Over the course of thirty-some years of moving from pillar to post, and changing churches with each move, we've met a lot of pastors. And their families. And Associate Pastors. And their families.
Let's just say that I've served this dish often. And it always gets rave reviews!
We haven't moved lately, so I haven't made this recipe in a while. But when we were getting ready to celebrate another family birthday yesterday, I had a request for this fabulous casserole.

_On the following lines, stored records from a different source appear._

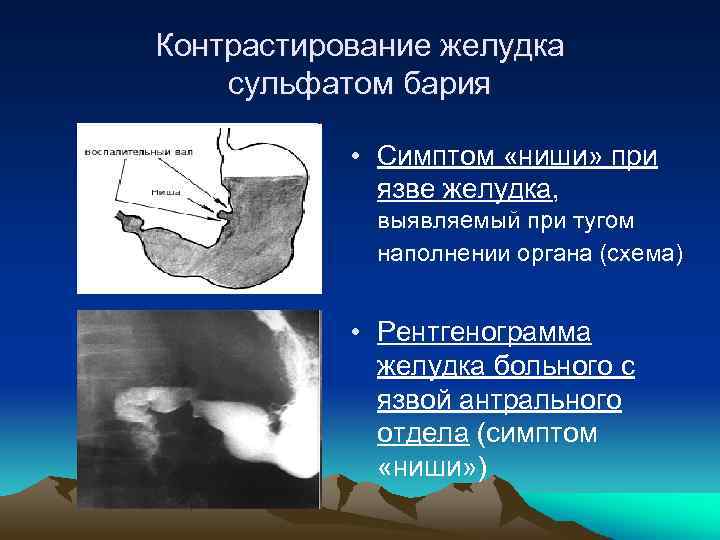 Контрастирование желудка сульфатом бария • Симптом «ниши» при язве желудка, выявляемый при тугом наполнении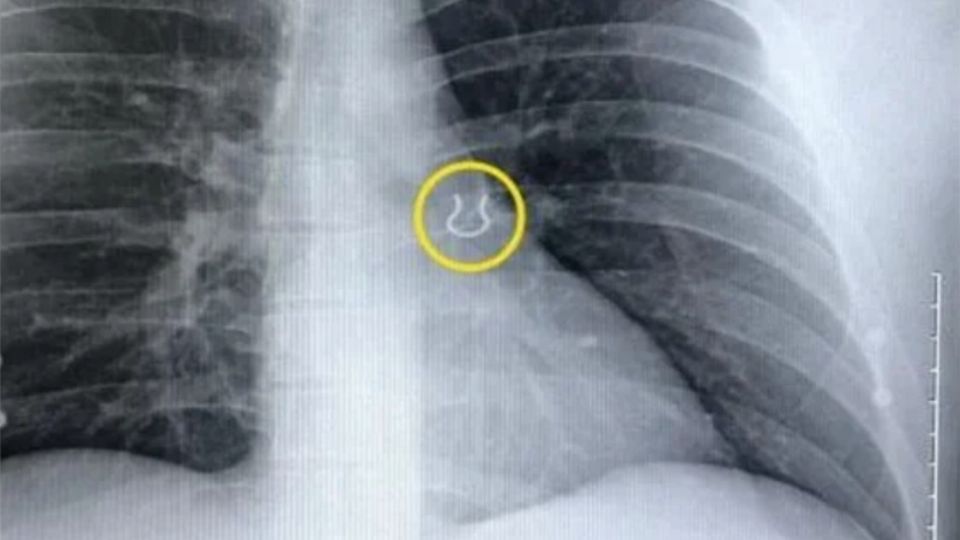 ¡No era neumonía! Hombre descubre piercing atorado en sus pulmones; lo había perdido hace 5 años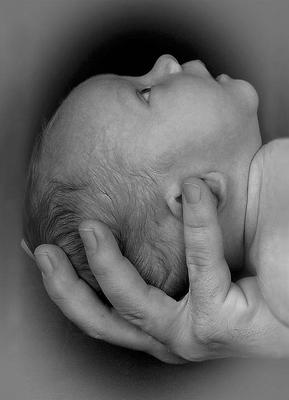 新生儿癫痫的表现形式有什么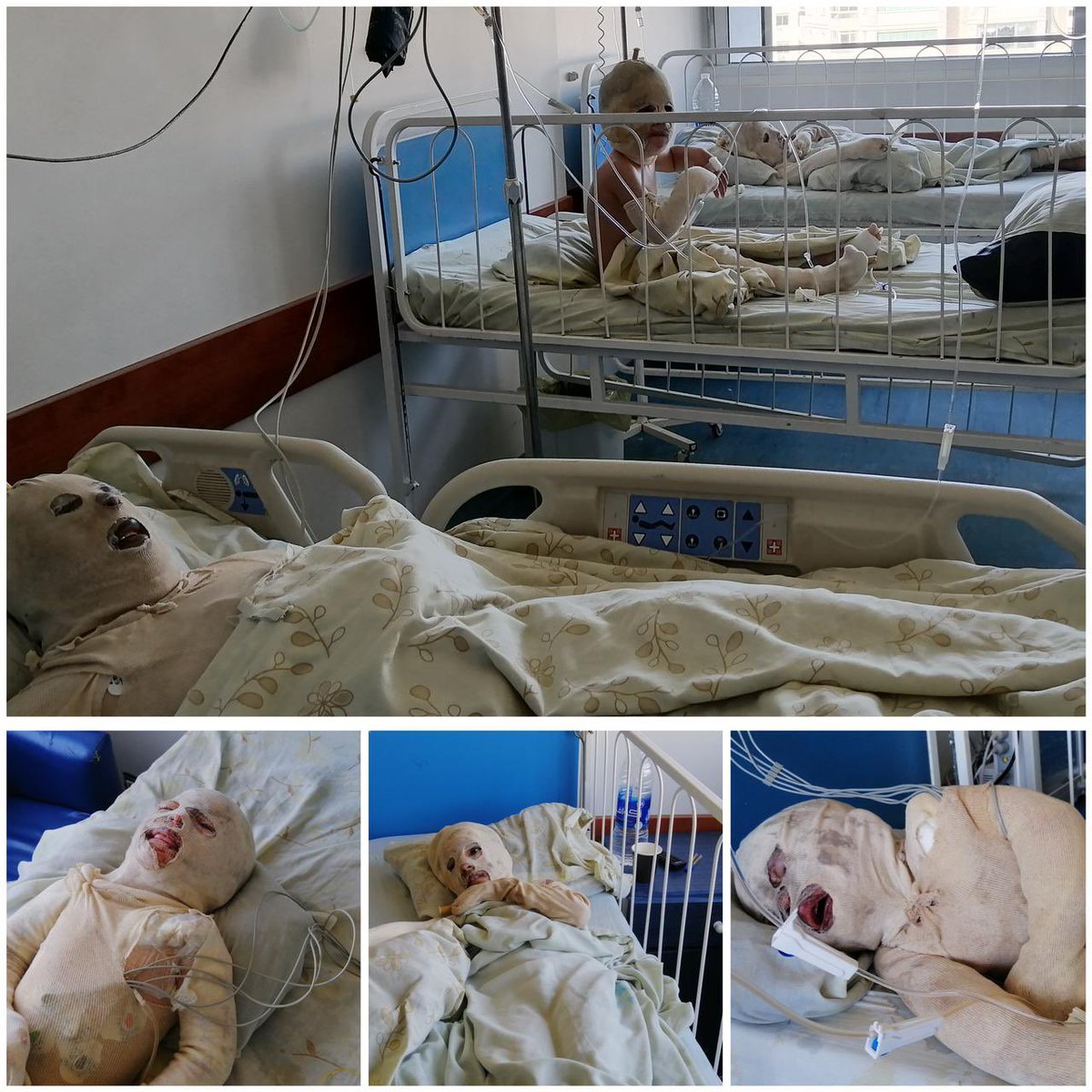 #حالة_مستعجلة 🔺
بثانية وحدة انفجرت جرة غاز ببيت، غيّرت مصير عائلة كاملة..

أربع أطفال لسا ما وعيوا من الحروق الكبيرة اللي اتعرضولها، ولسا ما عرفوا إنهم خسروا أغلى شخصين على قلبهم.. وإنهم صارو بلا أب أو أم!
الحريق أثّر على معالمهم، وسبّبلهم حروق واسعة بكامل الجسم...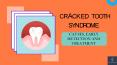 Cracked Tooth Syndrome: Causes, Early Detection and Treatment PowerPoint PPT Presentation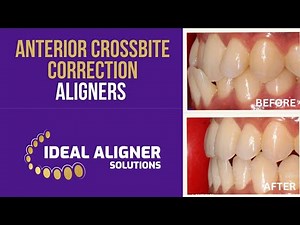 dental crossbite correction - aligners/ ideal aligner solution/custom treatment plan/digital dentist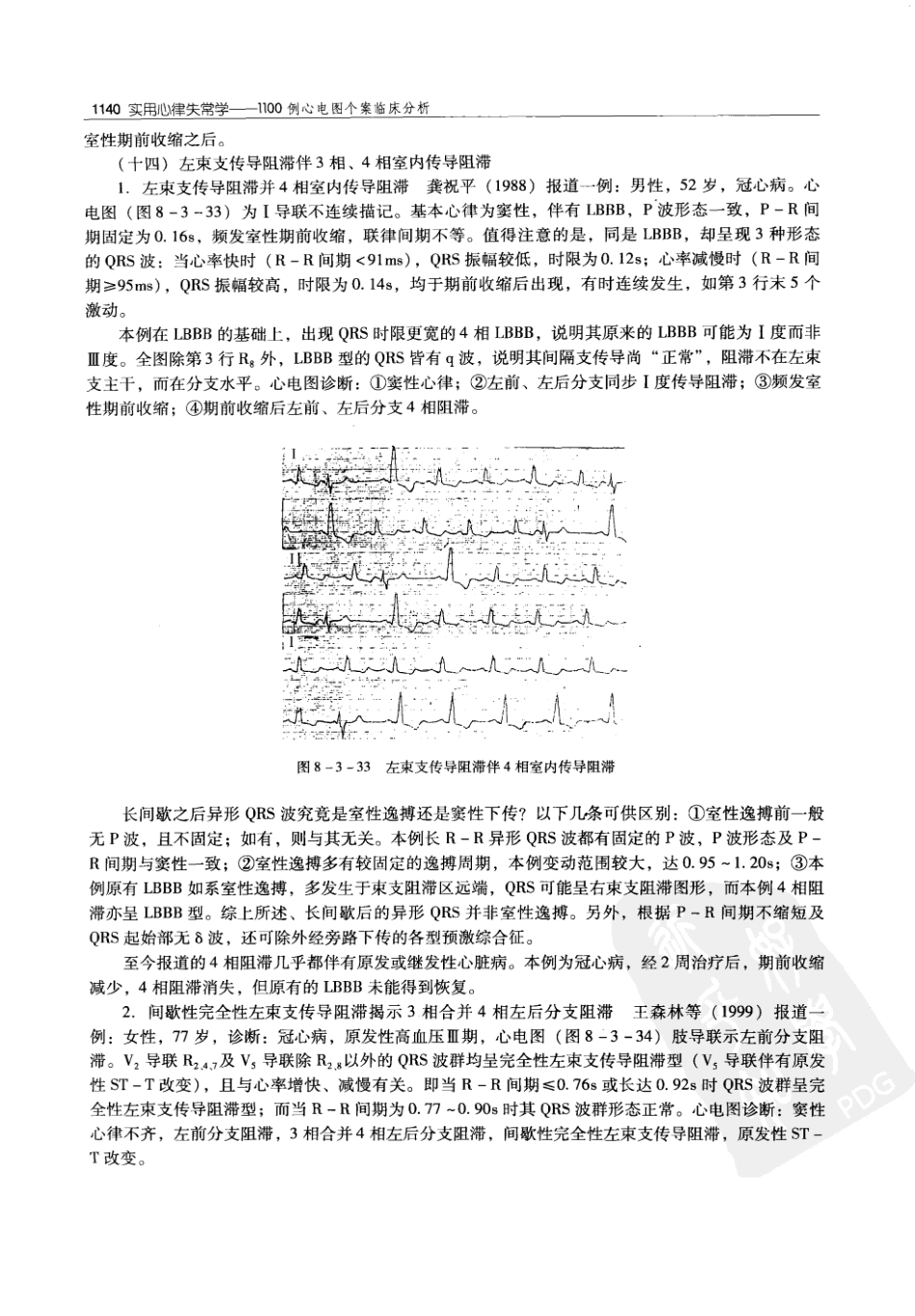 实用心律失常学：1100例心电图个案临床分析  第2版_中国协和医科大学出版社_2008.10_夏宏器，邓开伯主编_1151-1200.pdf_第2页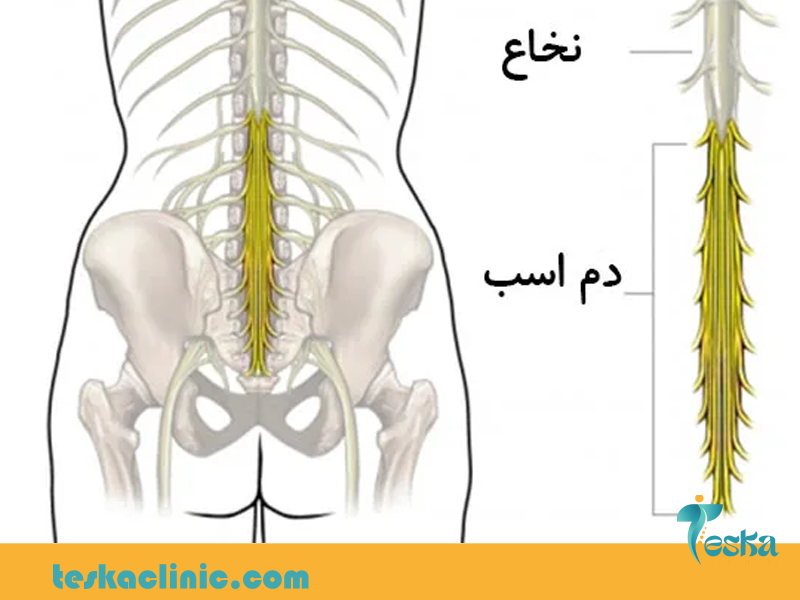 سندروم دم اسبی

Smothered Chicken Burritos
2 1/2 pounds chicken breasts, cooked and shredded
3 cans cream of chicken soup
1 large can diced green chilies
1/2 onion, finely minced
16 ounces sour cream
1 1/2 pounds shredded cheese - Monterrey jack and cheddar blend - divided
16 small flour tortillas
I use a short cut for cooking the chicken breasts. I use those individually quick frozen breasts, which are so easy to work with. Sometime before putting this casserole together - at least six hours, but can be anytime up to 3 or 4 days ahead - put 2 1/2 pounds of frozen chicken breasts in your crock pot with one of the cans of cream of chicken soup. Cook on high for about six hours, then remove it from the crock pot, stir and cut the chicken to shred it in the sauce, then refrigerate it until you're ready to use it.
In a large bowl, mix together all of the ingredients except 1/2 the cheese.
Grease a large baking dish (I use my 9 x 11 plus a 9 x 9, or my new 10 x 15). Scoop about 1/3 cup filling into the center of each flour tortilla, roll, and place seam side down in the pan. Squeeze the burritos together to make room for all of them. I put 12 in my 9 x 11 baking dish, but all 16 fit in my 10 x 15.
You can also put half of the burritos in a 9 x 9 and the rest in another one to stick in your freezer. It depends on how many people are around your table. :)
By the way, garage sales are great. When I spied this Pyrex baking dish at a local sale for $1.00, I was doin' the happy dance!
After you get all of the burritos neatly tucked away, you should have about half of the filling left. Pour it over the burritos. This is the "smothered" part.
FYI - in case you were wondering, this recipe is not "low" anything. Not low fat, not low carb. Not low flavor. Not low anything.
Now sprinkle the rest of the cheese on top.
Bake at 325° for one hour. The house will smell delicious!
Like my husband always says, this isn't the prettiest dish around. But the first bite? I haven't met anyone who doesn't absolutely love this.
It must be all the cheese!
And by popular demand, here are some pictures to enjoy!
My husband and I have been roaming the Hills lately, dreaming about buying land.
We looked at this place on Saturday. Almost perfect, but had two major strikes against it. The biggest is that just under the surface of the ground is a rock called Bald Mountain. We'd have to use dynamite before we could build here. The other problem was that it was too close to the highway. So we keep looking.
And speaking of rocks, we ran across this gorgeous cliff while hiking a few weeks ago. This view doesn't do it justice, but it was awesome.
Last of all, a cute Corgi picture. :)
Yes, this is the normal Corgi pose. It's called "rub my belly please!"